Updated for 2010 and in time for the holidays, here is the latest installment of my recommended books. I originally wrote this list in 2008 and again last year. I intend to keep adding to and revising it every year.  It contains seven sections: Selling, Think Like an Investor, Behavioral Investing, Economics, Stock Market History, Risk and Books for the Soul.  The first three sections are presented below and the remaining four will be presented next week. I hope you enjoy it.

In these crazy times, all one could ask for is sanity. Yes, sanity – a clear mind, free of noise, to with which to face the insanity that the volatile, noisy stock market thrusts upon us. We find ourselves glued to our computer screens or CNBC, waiting to find out what the Dow’s next tick is going to be. What do we get out of it? Only a headache and wasted time.

Here is my advice: read. Read books that will bring you sanity, the ones that will snap you back into the mindset of investor and out of being a nervous observer of the daily stock market melodrama. The following books are excellent choices and offer plenty of sanity and sage advice.

Selling

I’ll start with Its When You Sell That Counts, by Donald Cassidy, which aims to help readers recalibrate their decisions about when to sell stocks. During secular bull markets, selling is frowned upon, as buy-and-hold turns into investing religion. The investor who buys and sells is labeled as a heretic, or even worse, a trader (if you say “trader” fast enough, it sounds like “traitor”).

In secular bull markets, on average, sell decisions are not as rewarding as hold decisions, as market valuations are expanding and even the second-rate dogs of the equity markets start looking like pedigreed cocker spaniels. Every investor is now a “long-term” investor and sell becomes a four-letter word. But being a long-term investor is not about the longevity of your hold decisions; it’s an attitude. Holding a stock because you bought it is a fallacy; you should only hold a stock if its future risk-adjusted return warrants it.

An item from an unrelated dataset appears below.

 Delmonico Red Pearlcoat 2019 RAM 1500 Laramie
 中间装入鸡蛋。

Warren Buffett has been mistakenly promoted into deity status in this buy-and-hold temple.  Let’s correct this mistake. Warren Buffett became a buy-and-hold investor when his portfolio and positions got big enough, pushing $60 billion, that selling became a difficult undertaking. In his early career, before the “Oracle of Omaha” was his moniker, he was a buy-and-sell investor. Being on the boards of some of his biggest holdings (like Coke and the Washington Post) made selling even more difficult for Buffett.

One doesn’t need the benefit of hindsight to know that at 55 times earnings Coke was tremendously overvalued in 1999. Coke, like the majority of Buffett’s top public holdings (the Post, Procter & Gamble, Johnson & Johnson, and many others), did not go anywhere for a decade. Take a look at his top public holdings and tell me whether he would have done a lot better if he had sold them when they became fully valued. In most cases, that would have been a decade ago.

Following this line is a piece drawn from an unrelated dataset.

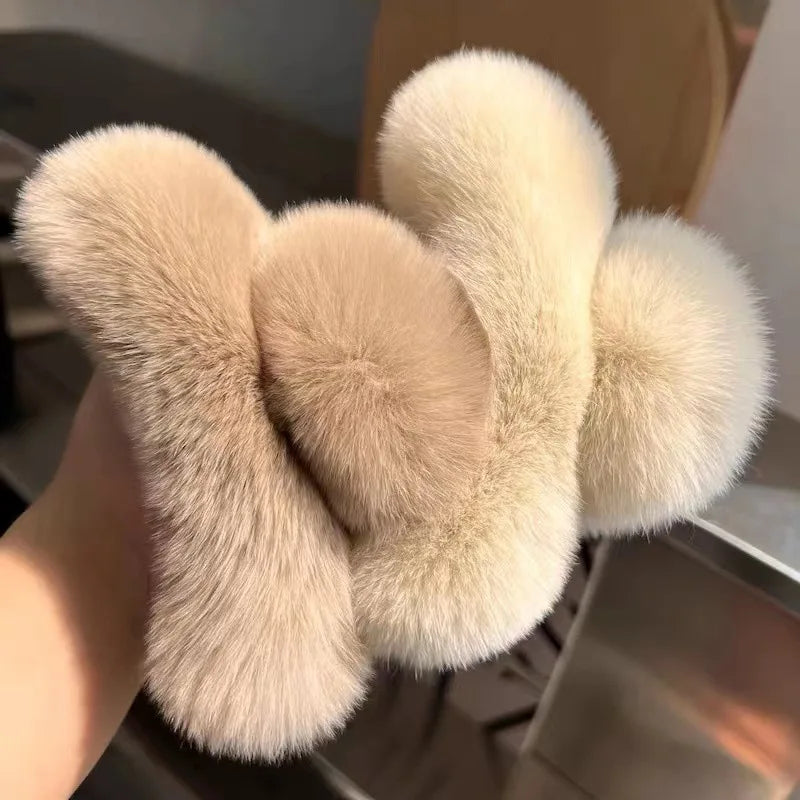 Luxe Plush Claw Clip – Oversized Fluffy Hair Clip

Emotions assault us from different directions when we face a sell decision: If it is a losing investment, we want to wait to break even. This is the wrong attitude. Our purchase price and our sell decision should not be related .  When it comes to selling a winner, on the other hand, we want to sell only at the top. Again, this is the wrong attitude: The top is only apparent in hindsight, when it is usually too late.

We should sell the stock when it reaches our price or valuation target, determined at the time of purchase. We are our biggest enemy when it comes to investing, and especially selling. Cassidy’s wonderful book has been written to fix this. Its objective is to recalibrate your mind and free you from the imprisonment of your past decisions, to break you free from the buy-and-hold state of mind and turn you into a buy-and-sell investor.

It’s a terrific and a very important work. Proper sell discipline makes the difference between great and mediocre returns for even the best-crafted buy decisions. Pros may want to skip a few chapters, but it is an important read for everyone, especially in today’s environment.